After leaving The Windy City, we head back home to Erie for a final pair of parties. Overlapping with Lollapalooza, the Erie Art Museum’s Blues and Jazz Festival kicks off August 4, showing everyone attending in Frontier Park how talented the local musicians are for the price of, well, nothing.
Appropriately, our adventure ends with Celebrate Erie. With the lineup still to be announced, we don’t know yet what our finale on this three-month-long excursion holds for us. Still, after spending so much time away from Erie, it’s nice to kick back, relax, and enjoy the benefits of the music scene in this town. After a lifetime’s worth of experiences over the summer to be had, they don’t mean much if you can’t share it with them your friends and family.

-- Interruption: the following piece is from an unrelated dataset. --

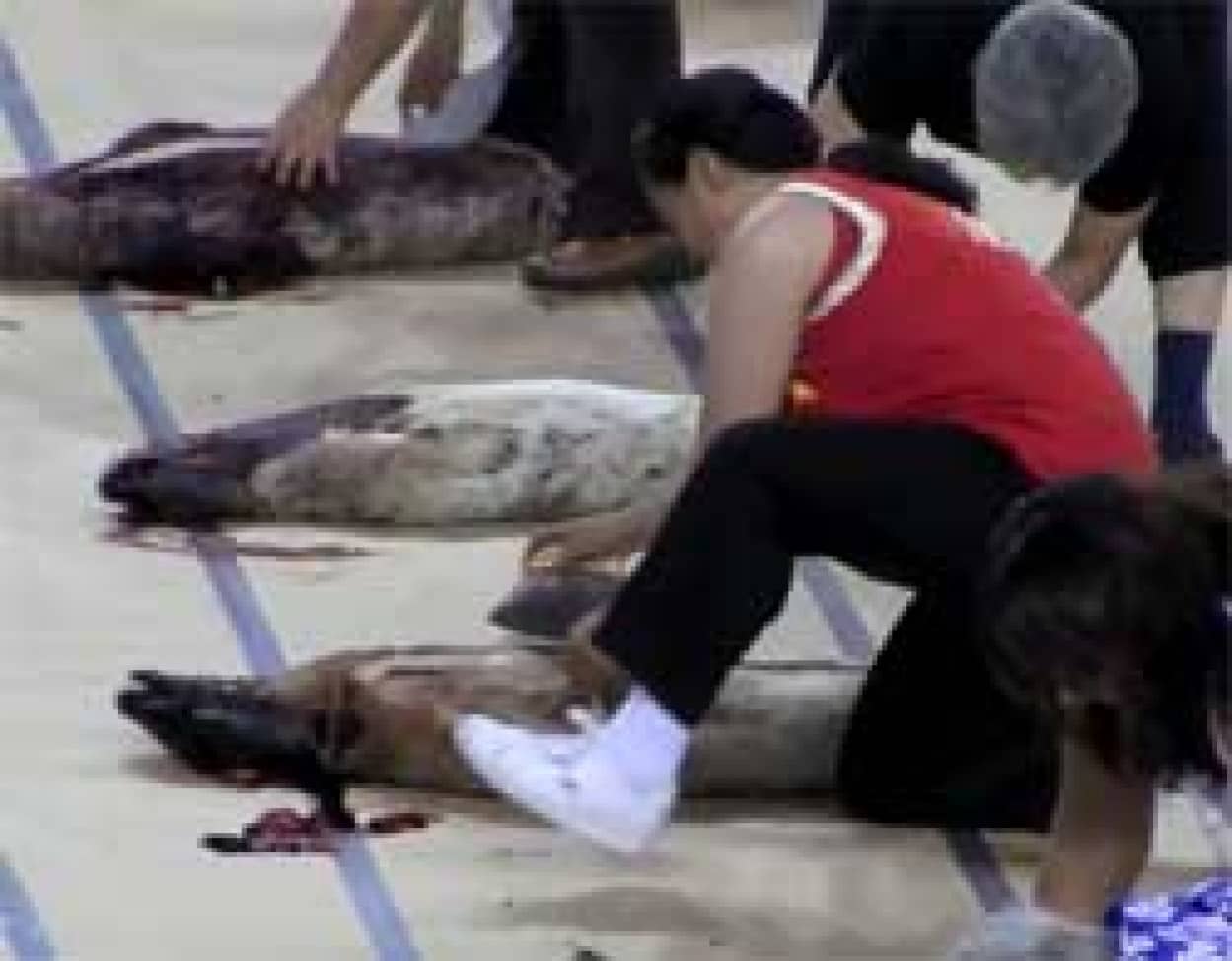 世界エスキモー インディアン オリンピック競技種目 アザラシの皮剥き 閲覧注意 カラパイア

Still, there’s something to be said about that moment where the enormity of the festival around you finally hits home. While you’re just one person in a sea of music lovers, that single connection binds you to the whole experience. Even after playing at all these huge festivals, Simon still gets that feeling in the pit of your stomach where you just can’t believe how magical that moment is.
“It’s a really weird feeling, but it’s good,” Simon said. “It’s exiting and exhilarating, and it’s kind of funny because every time we’ve done something like that, I can’t stop laughing, because it’s one of those things where it’s like ‘okay, how did I end up here’ kind of thing.”
Sometimes all you can do is just laugh and enjoy the moment. You can quit your job and embark on a three-month journey or pick out the festival that calls out to you. It’s whatever you want to do—as long as you have fun and enjoy the ride. Really, that’s what summer music festivals are all about.